If anybody has any advice on setting up ADGROUP’s in Google Adwords Campaigns,
I would appreciate the Help!
Thanks,
Ray
"If anyone has any advice?"
This is a complex and deep topic and before you enable any campaigns, you should be **very sure** of what you’re spending your money on. If you don’t know, pay someone, it will save you lots of money in the long run. After revising amateur adWords campaign setups, I’ve provided superior results at $15/day (+- $300/mo) to campaigns that were previously exceeding $75/day (+- 2200/mo.)
That out of the way,
"I am Reviewing Guitar Courses … If you put a keyword like guitar instruction video or beginner guitar course online."

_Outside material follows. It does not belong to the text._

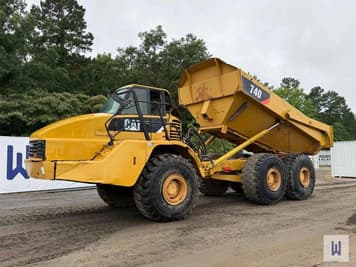 Main image Caterpillar 740
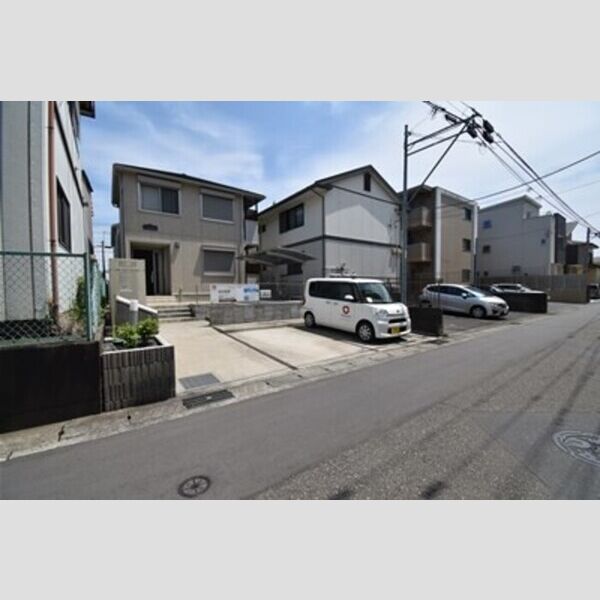 シャルム 駐車場と前面道路の様子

These are good "starter keywords," but be sure to use the keyword tool for suggestions. The per-click cost will go up or down depending on the "quality" of the keyword: more specific keywords will cost you less than "broad" keywords. For example, "guitar" is about as broad as it gets, "guitar instruction video" is specific. Don’t forget to include guitar instruction DVD, learn guitar, etc . . .

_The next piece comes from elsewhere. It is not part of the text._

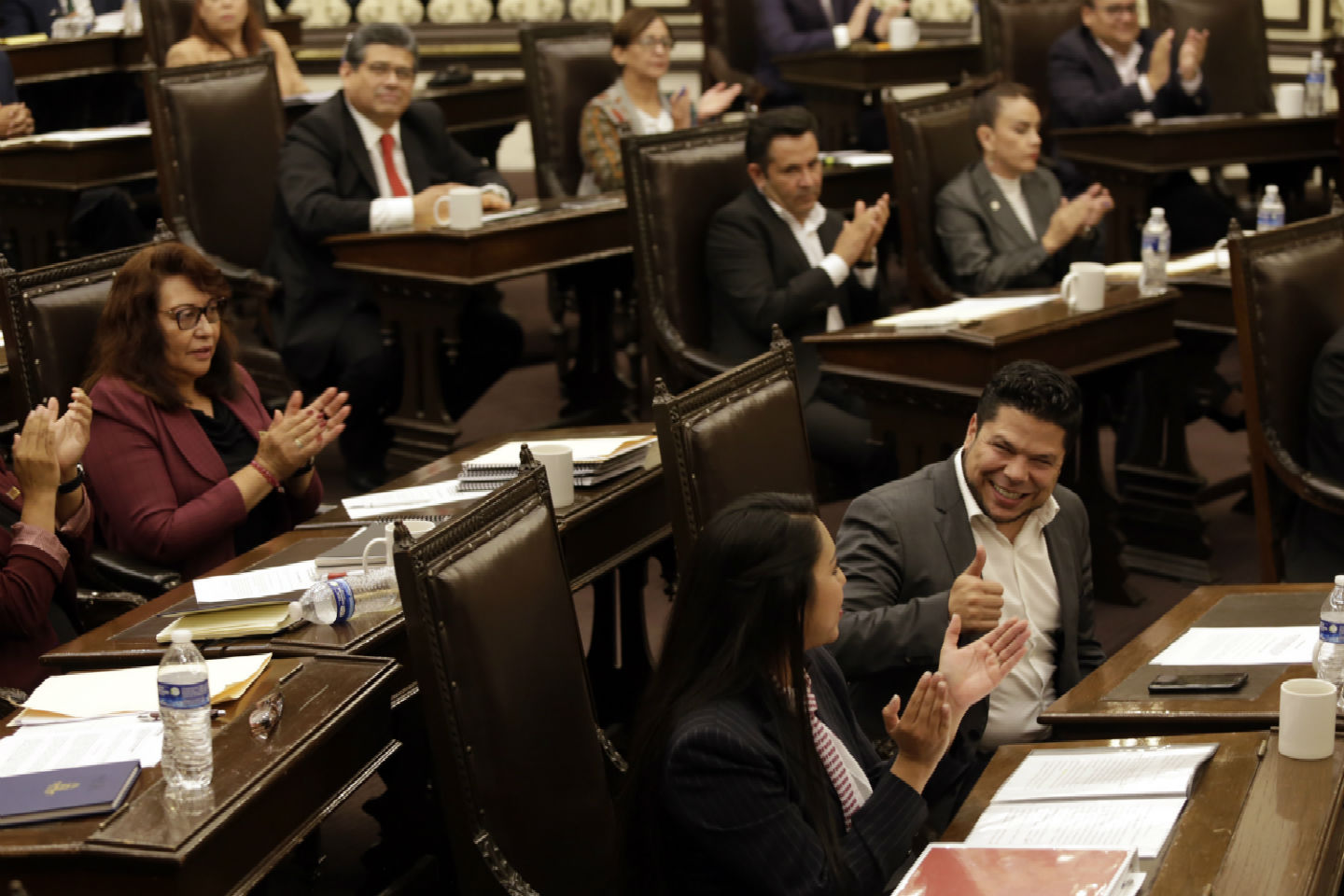 Morena, PT y PES se quedan con mejores comisiones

"Or is it better to have a bunch of keywords for one ADGROUP"
No. You need to do testing. At this point, you don’t know WHAT will work, right? So you set up ads with 10-20 keyword combinations (maximum, I like to use 5-8) and assign those to a group. Choose the keywords terms so they are similar, example:
guitar instruction video
guitar instruction DVD
guitar instruction (maybe)
….. so on . . focusing on guitar and instruction)
Within that group you create maybe 6-10 ads. Let it run, figure out which ones are PERFORMING and which ones do not. Figure out why the performers perform, drop the bad ads, create variations of the performers.

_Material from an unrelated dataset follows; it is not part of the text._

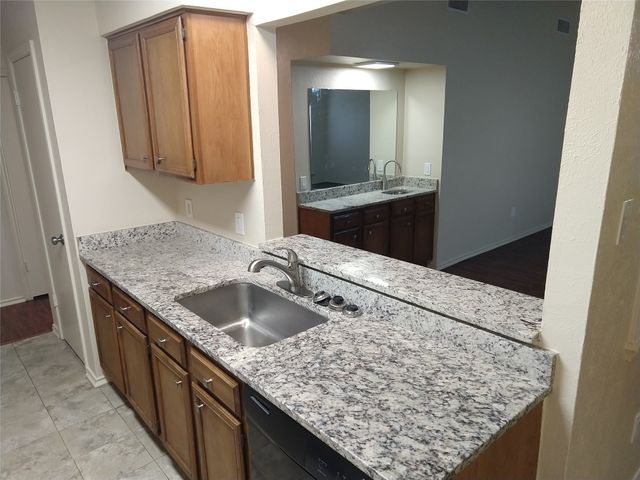 1929 Lost Creek Drive, Arlington, TX 76006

Now create groups for learn guitar, other possible terms, and don’t forget "guitar instruction reviews" which is REALLY your topic.
Fire up all your groups. Watch it for a month, a full month. Drop pause the groups that don’t perform. Pause/delete the ads that don’t perform. Figure out which ones perform and why.
"Does Beginner Guitar Course Online Have to Be in the AD itself?"
Not *directly*, and this is one of the most important things about adWords: the ad copy itself is a CALL TO ACTION. You develop it to compel the visitor to click the ad. The keywords assigned to the group are responsible for placement of the ad.
By "not directly" I mean that inherently, a search term entered means someone is searching for that thing. So your ad should be something *about* the keywords, but the keywords need not be in the ad.
A few other quick bits:
- Expensive keywords: Your "target" should be between .03-/.15 per click, if you are getting "not active/minimum .80" for a given keyword, the term is either too broad or the competition is very high. Real estate, for example, can be up to $20 per click. So don’t just go ahead an pay .80 per click because you *think* it’s an important keyword, be sure. Enter that term in Google. Does it bring up competing sites? It is relevant then. Is it worth the .80 to you? Maybe not - if you can bring in conversions from your other keywords, that .80 can go to other less expensive keywords, more for your dollar.
- Conversions: A conversion is an ad click that converts to a sale or contact. IT is WHY you are paying for adWords. Be sure to set up analytics at the same time, so you know what’s going on, but the bottom line: it doesn’t matter how much traffic comes to your site. If it doesn’t convert to sales, it’s a waste of money. Give it 3 months, no conversions, it’s not working for you.
- Stay off the content network. The content network is where people have ads on their web sites, and it’s BURIED with abuse (come to my site and click the ads, it makes me money.) Although this abuse is managed harshly by Google, a lot of people get away with it. Either set your content bid to .01 for content network, or turn it off completely (this is not where you’d expect, it’s in account settings.)